Fitch: Planning Key for Public Power Clean Energy Shift Under Illinois Law

Fitch Ratings-New York-28 September 2021: Illinois’ new clean energy law does not have an immediate credit effect on public power utilities, says Fitch Ratings. Effectively managing the transition away from coal and natural gas will be key to mitigating cost pressures related to stranded resources. Illinois is the first midwestern state to pass sweeping clean energy legislation, which may provide a blueprint for other states to move away from fossil fuels.

The Climate and Equitable Jobs Act aims to achieve 100% clean energy generation by 2050 by phasing out coal and natural gas plants and investing in renewable energy sources. Renewable energy, which made up 11% of the state’s energy in 2020, must comprise 40% by 2030 and 50% by 2040.

The two publicly-owned coal-fired stations in the state, the Prairie State Energy Campus (PSEC) and Springfield City Water, Light and Power’s Dallman Station, must reduce carbon emissions 45% by 2035, plus a three-and-half-year grace period, and would be required to close by 2045 unless they completely eliminate carbon emissions. Emissions reduction at these levels involve closing one unit or deploying carbon capture technology, which is currently cost prohibitive.

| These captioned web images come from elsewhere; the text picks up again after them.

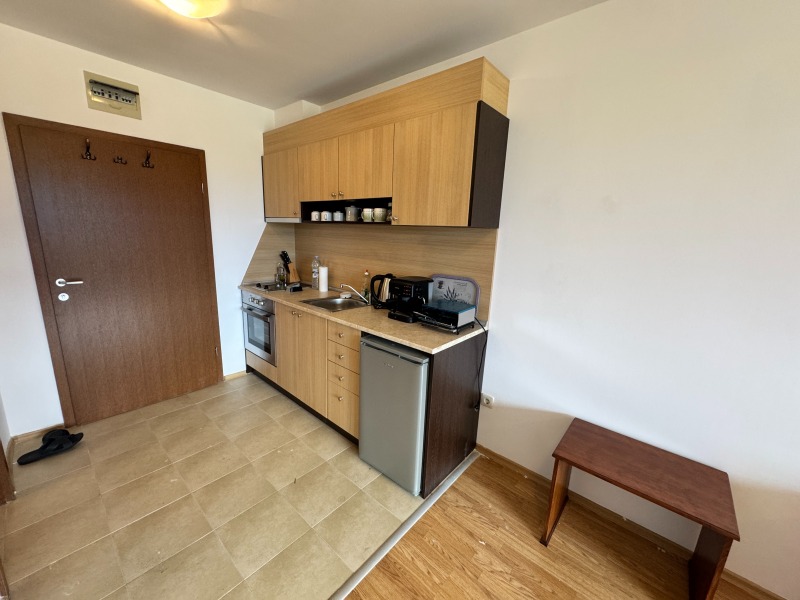 À vendre  1 chambre région Blagoevgrad , Bansko , 48 m² | 77954564 - image [4]
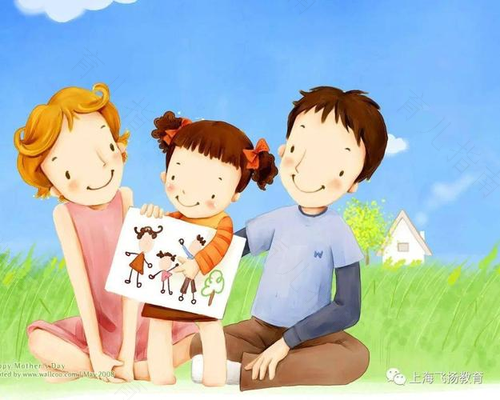 孩子早期教育的重要性 孩子早期教育的重要性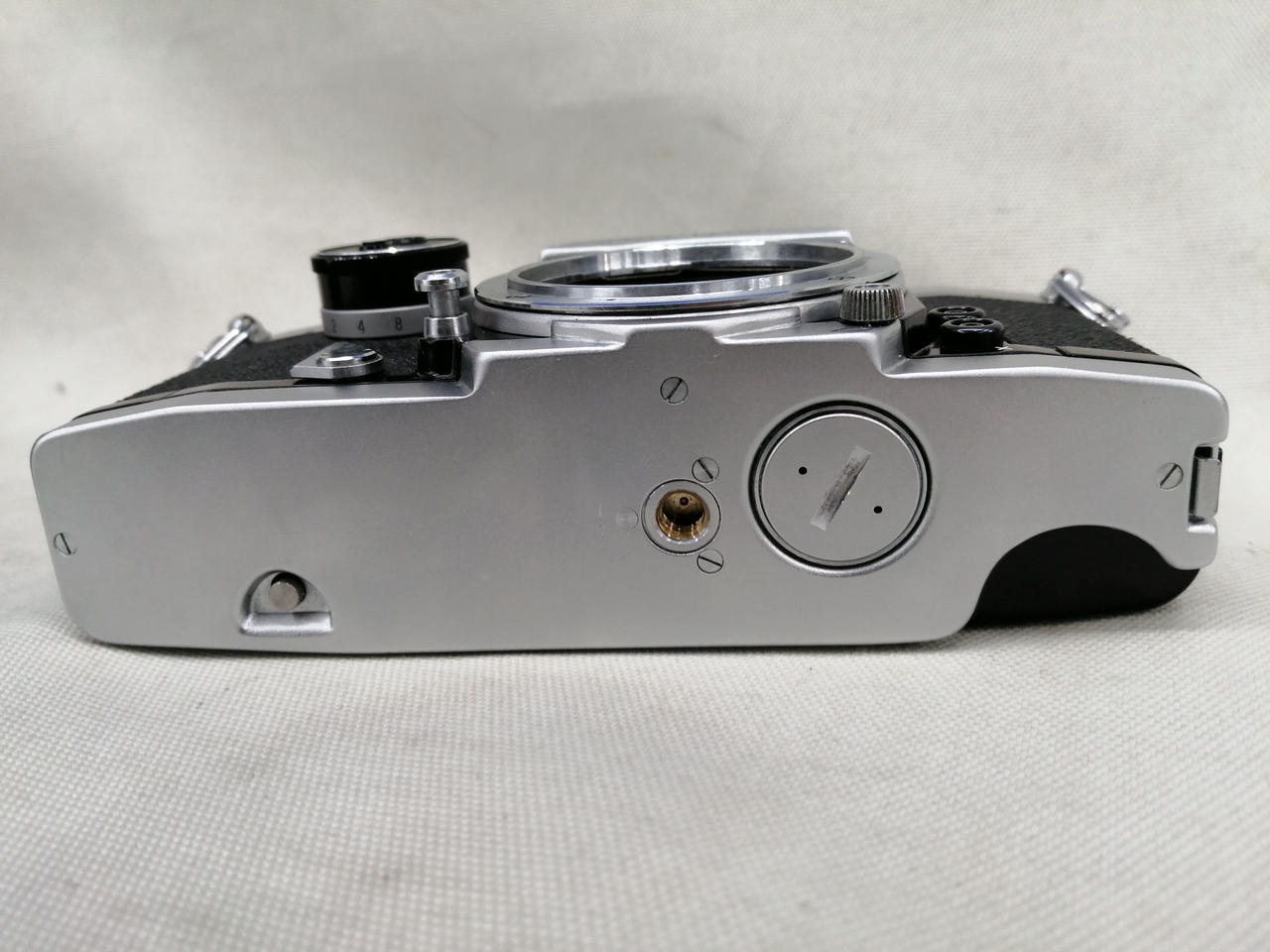 コニカ(KONICA)|フィルム一眼レフ|【ハードオフ公式通販】オフモール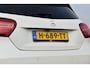 Mercedes-Benz A-klasse 180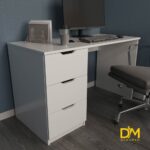 Письмовий стіл М-158 - Зображення 3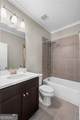 2602 Grand Oaks Alley - Photo 36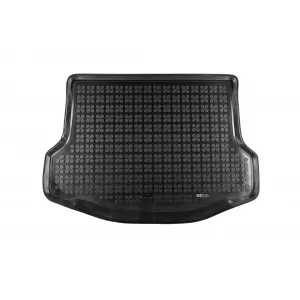 image-42-Rezaw-Plast gumis csomagtértálca Toyota Rav4 2013-2018, 5 ajtós, kis pótkerékkel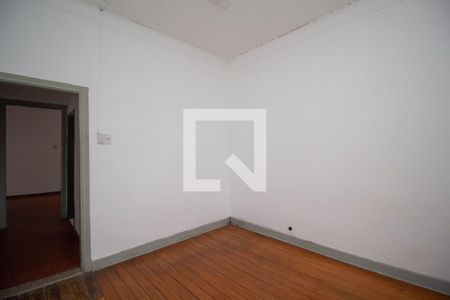 Quarto 2 de casa para alugar com 2 quartos, 62m² em Itaberaba, São Paulo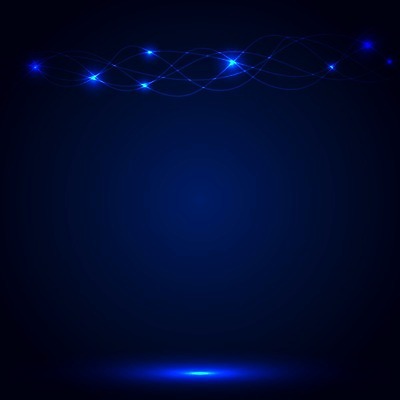 EPS 해외이미지 템플릿 디자인 선 파도 백그라운드 컨셉 패턴 곡선 일러스트 회사 모션 벽지 추상 미래 불꽃 미술 그래픽 장식 파란색 빛 유행 우주 검은색 웹 에너지 덮개 흰색 투명 액체 우아함 신비 보고서 그림 질감 네온 광택 공상 야광 스타일 해외202004 해외일러스트 바다 컬러 무늬 인터넷 비즈니스 불 문화예술 뚜껑 파일형식 벡터 이미지허브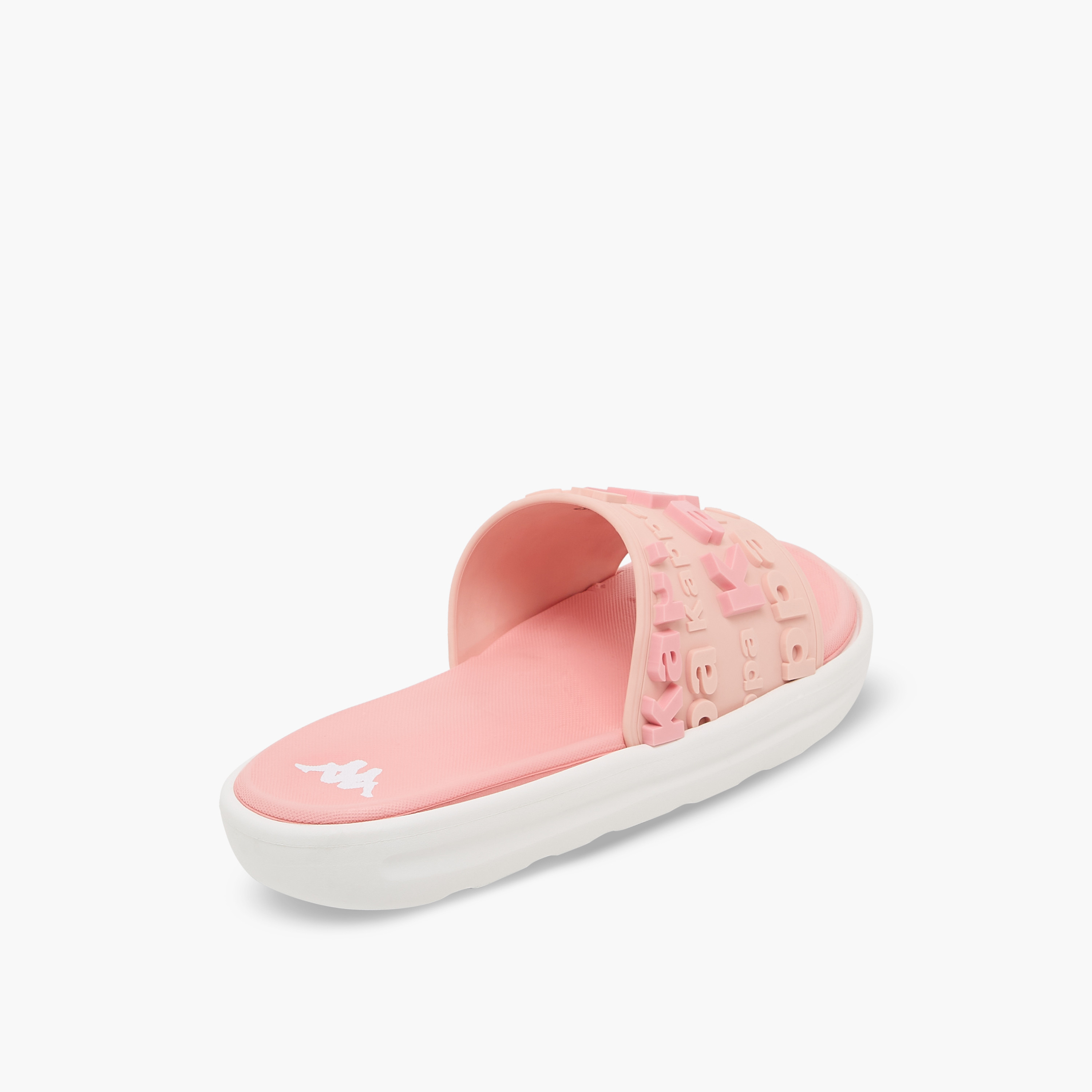 شبشب بنقوش شعار للنساء من كابا-women-shoes-flipflopsandslides-image-6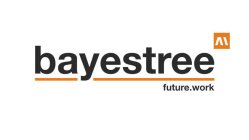 BAYESTREE AI FUTURE.WORK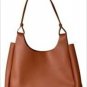 NEIMAN MARCUS Medium    Tote   - Brown
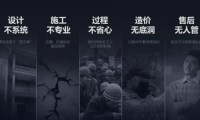 鄉(xiāng)村建房節(jié)，回鄉(xiāng)建房者不容錯過的行業(yè)盛典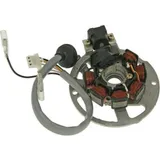 Stator NK39027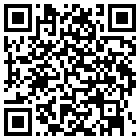 汉庭酒店(单县汽车站店)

Many bonds issued to finance the units mature well beyond 2035. However, the obligations of the nine PSEC owners, and the nearly 250 public power utilities supporting them, are unconditional and require payment of the PSEC project’s total costs, including operating expenses and debt service for the life of the debt whether or not the project is operating or capacity was interrupted or suspended. If the PSEC units become stranded and the owners are precluded from realizing the long-term benefit of continuing plant operations and production, the long-term financial burden and higher operating costs could weigh on credit quality or limit financial upside at best.

The Act does not affect the credit quality of PSEC’s owners and participating utilities in the near- to medium-term, as we expect plant operations and the cost burden to remain stable. The law provides a long lead time for participants to manage the transition but if production is limited they will need to plan for curtailed availability of the project and diversify power resources away from PSEC.

It is unclear to what extent the new law will affect utility customer rates but increases are likely over the long term. While the law provides for subsidies of about $47 million a year beginning in 2024 for converting coal-fired power plants into solar or energy storage facilities, it remains uncertain what, if any, benefits may accrue to the PSEC owners.

Contacts:

Dennis Pidherny
Managing Director, US Public Finance
+1 212 908-0738
Fitch Ratings, Inc.
Hearst Tower
300 W. 57th Street
New York, NY 10019

Sarah Repucci
Senior Director, Fitch Wire
Credit Research & Risk Analytics
+1 212 908-0726

Media Relations: Sandro Scenga, New York, Tel: +1 212 908 0278, Email: [email protected]

The above article originally appeared as a post on the Fitch Wire credit market commentary page. The original article can be accessed at www.fitchratings.com. All opinions expressed are those of Fitch Ratings.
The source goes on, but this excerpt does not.